The BARR program is administered by NBAA for the FAA. Currently, it allows operators with privacy and/or security concerns for their operations resulting from the availability of ASDI data to request that the data be blocked from public dissemination. This is accomplished by operators submitting a BARR to NBAA. Operators submitting a BARR are not currently required to furnish any reason or justification for the request. All such requests are routinely honored. If a BARR is not in effect, the Aircraft Situation Display, which is a graphic depiction in real time of the location, altitude, airspeed, destination, estimated time of arrival and tail number or designated identifier of air carrier and general aviation aircraft operating on IFR flight plans within U.S. airspace, facilitates the tracking by individuals of the minute-by-minute progress of their, or other, aircraft in real time. The FAA now makes that data available to subscribers through several vendors.

The NBAA says that if the proposal is implemented, only requests fully justified by a “Valid Security Concern” will be honored.
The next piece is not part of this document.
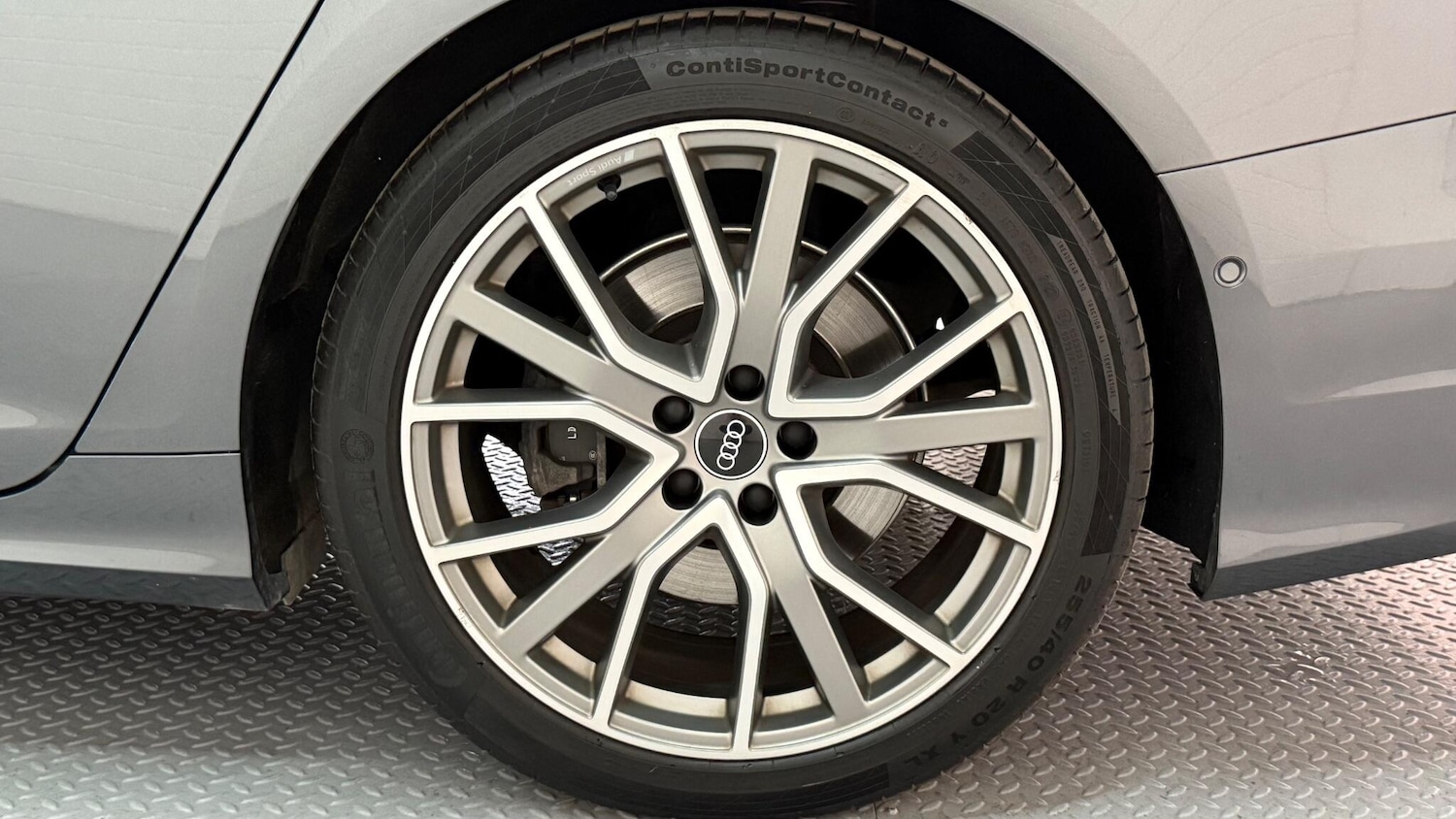 Used Audi A6 2021 for sale - 76432211: Photo 61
All other requests for blocking will be denied and both real-time tracking information and after-the-fact flight information henceforth will be available to the public.

"The NBAA opposes the FAA's proposed limitations on the BARR program because we believe they represent an unwarranted invasion of the privacy of aircraft owners and operators, a threat to the competitiveness of U.S. companies and a potential security risk to persons on board," said Bolen.

"The government's proposal ignores the legitimate need for the BARR program, and runs directly counter to long-established assumptions about government's role in the protection of privacy," the statement  continued. "When the sanctity of citizens' private conduct is threatened by the use of information technology, government's job is to protect the individual, not facilitate the intrusion - that's why the public isn't given access to E-Zpass records detailing where people are driving, or to credit card transactions revealing what consumers are buying."

Bolen said an additional concern is that the proposal creates an unnecessary competitive vulnerability for American businesses, which are trying to operate in a highly competitive world - a world in which the revelation of a company's aircraft movements can be tantamount to the forfeiture of that company's competitive edge. 

"Here's the bottom line," Bolen said. "NBAA sees no reason why our government should want to provide unknown parties - especially those engaged in corporate espionage, or simply those who may wish to do harm to others - with the tools to electronically stalk U.S. citizens or companies on general aviation airplanes. We will vigorously oppose this plan, and we expect that individuals and businesses will raise a chorus of strong, unified opposition to it as well."